Very often, this low volatility has led to sharp downturns in the CBOE Volatility Index (VIX) in the July-August period. But don’t let this lull put you to sleep: More often than not, a low VIX in the summertime has been a signal that caution is in order.
This is an important consideration right now, as the spot VIX has taken a dive in the past month to close at 12.29 on Monday — not far from its 52-week intraday low of 11.30, set on March 14 and 15. For investors who are already in the market, this has been great news: Since the most recent peak in the VIX on June 24, the S&P 500 Index has tacked on nearly 8%.
At this point, though, history indicates that we should be watching out for some red flags.
From 1990 through 2012, the VIX hit or approached its low for the year in the warm-weather months on 16 occasions. Fourteen of those times, the low was followed by a spike before the third quarter was over.
In some cases, such as 1993 and 1999), the downturn in the VIX simply signaled a short-term trading opportunity:
On several other occasions, however, the summer low was followed by a more sustained upward move that persisted well into the fourth quarter (most notably, 1990, 1997 and 2011).

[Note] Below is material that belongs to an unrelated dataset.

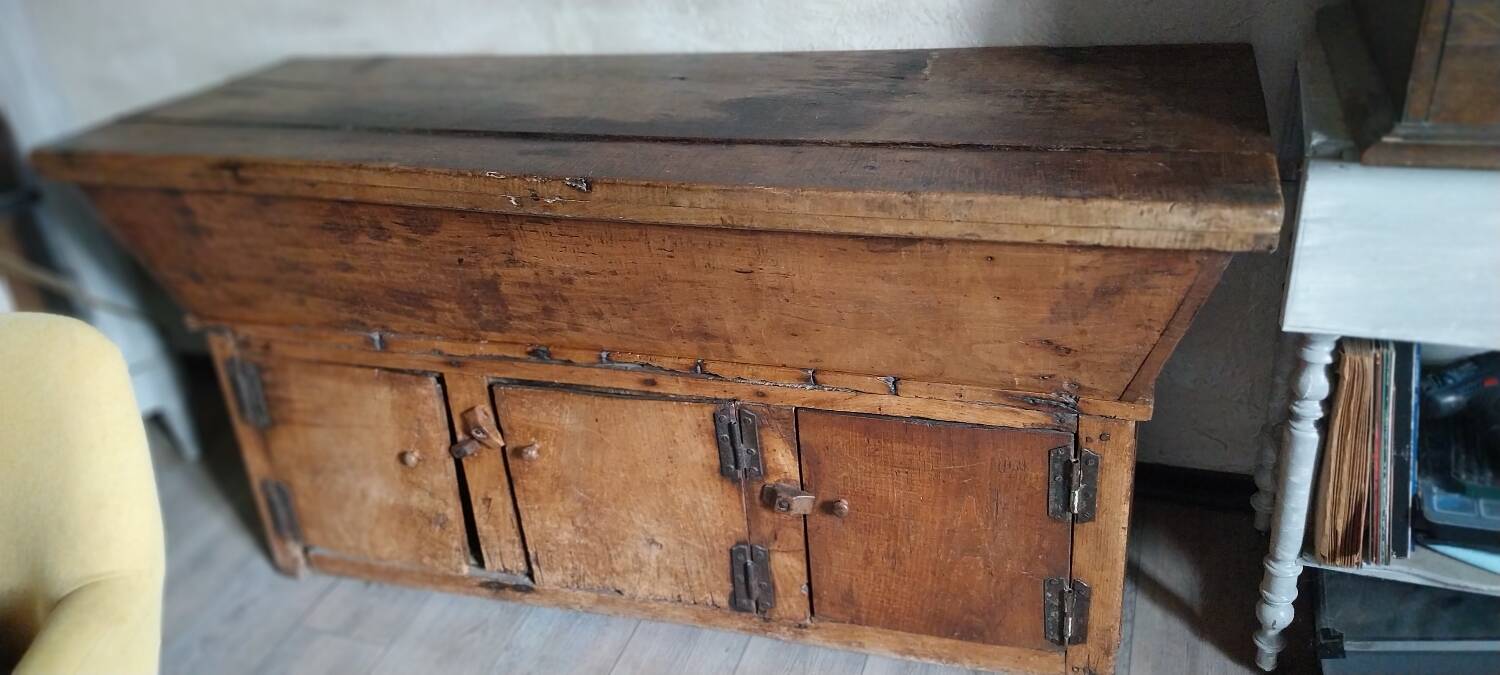 Maie, pétrin en chêne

Only twice, in 1991 and 2009, was the summer low followed by a benign environment in which the VIX stayed low without interruption through the summer and into the fall.
In fact, a look back over the 1990-2012 period shows that the VIX rose in the August-September interval on 14 of 23 occasions, with an average gain of 13.1%. Nine of those times, the index registered a gain in the double digits.

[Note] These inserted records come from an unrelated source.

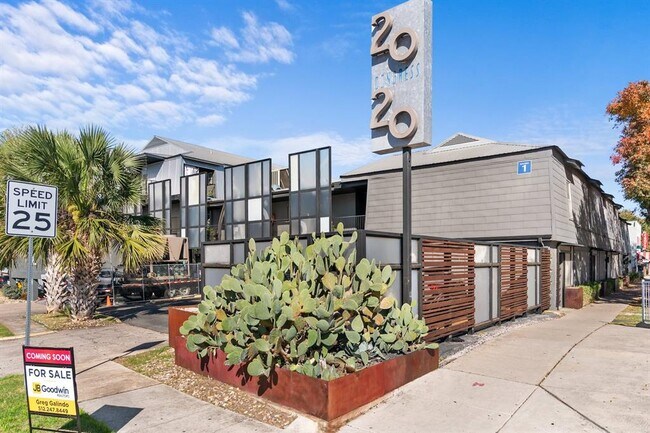 Building Photo - 2020 S Congress Ave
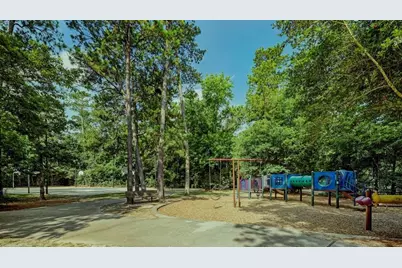 166 E Capstone Circle, The Woodlands, TX 77381 - Photo 43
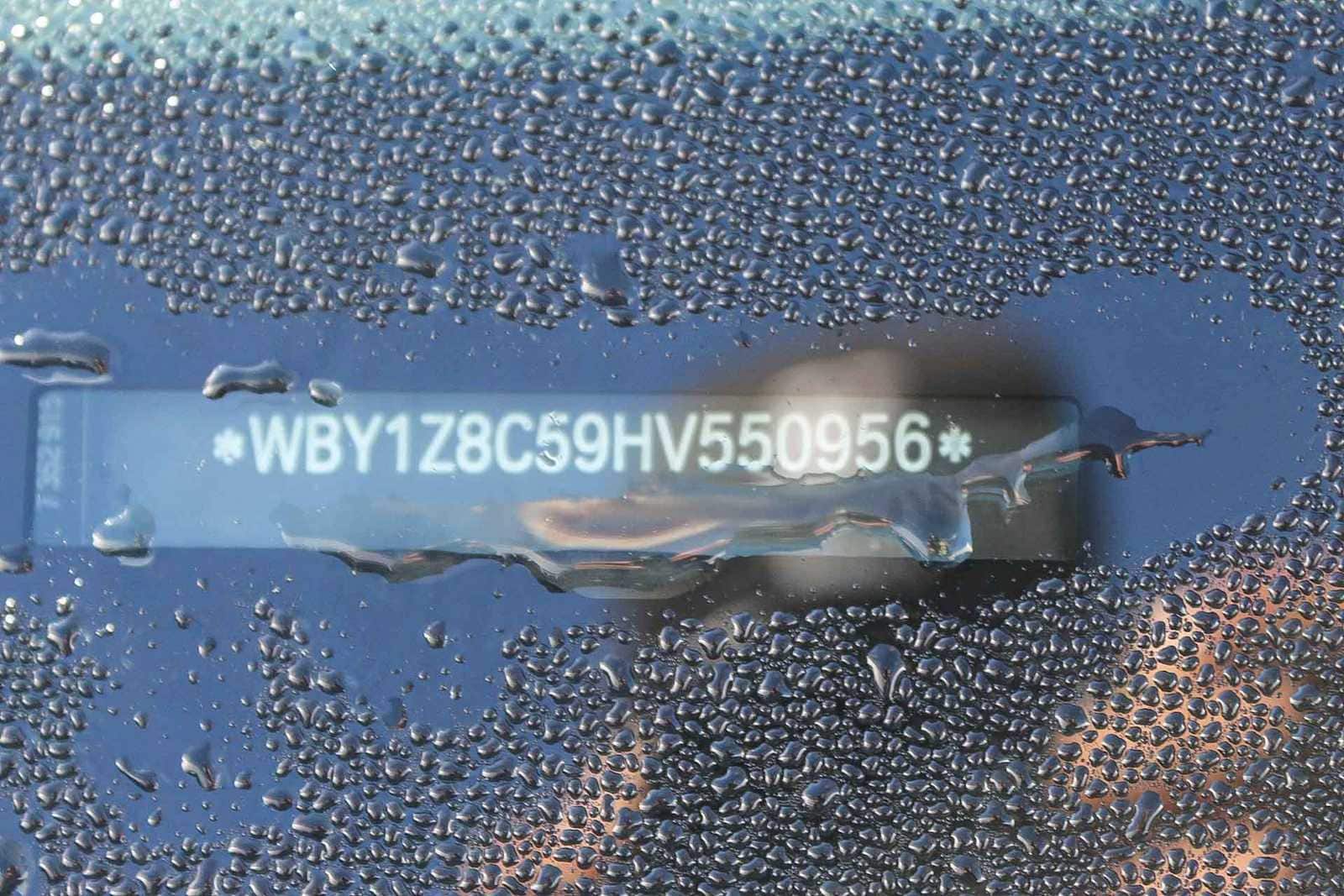 Thumbnail: 2017 BMW i3 - 28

Picking the exact low is next to impossible, of course, but with the VIX deep on the low end of both its historical and recent ranges — and within striking distance of its March low — there isn’t much room for additional downside from here.
While the risk-reward equation in the VIX is asymmetrical right now, that doesn’t mean it’s time to purchase the various ETFs designed to capitalize on rising volatility. These products have been — and remain — extremely inefficient ways to play the VIX due to the persistent losses that stem from the need to “roll” the funds’ positions into longer-dated, higher-priced contracts. That hasn’t stopped investors from trying, however: Long-VIX ETFs have experienced inflows since the beginning of July, paced by the $390 million hauled in by iPath S&P 500 VIX Short-Term Futures ETN (VXX).

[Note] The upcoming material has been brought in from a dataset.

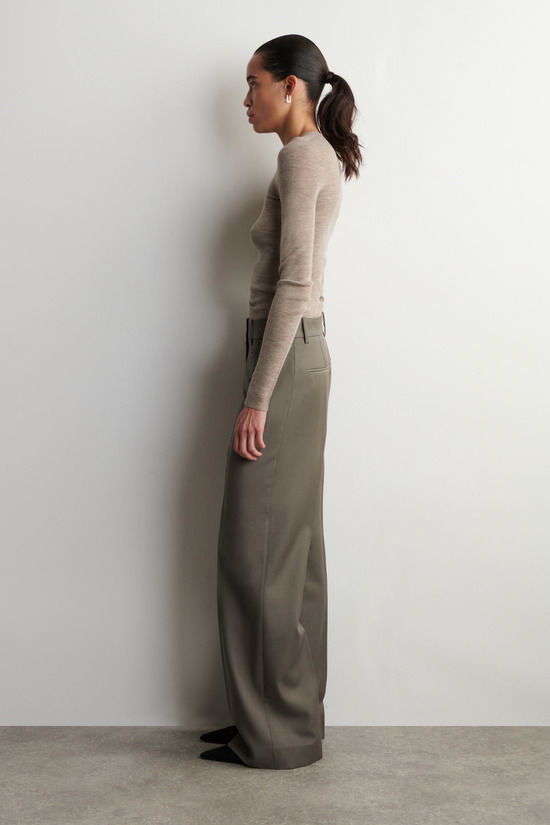 COS テーラードウールツイルブーツカットパンツ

Even though VIX ETFs might not be the answer, historical patterns indicate that right now is an outstanding time to trim winning positions or purchase protection on the cheap.
The combination of the low VIX, seasonal factors, a record high for the S&P 500 and the strong rally in stocks over the past four weeks all underscore the need for a conservative approach from this point forward.
As of this writing, Daniel Putnam did not hold a position in any of the aforementioned securities.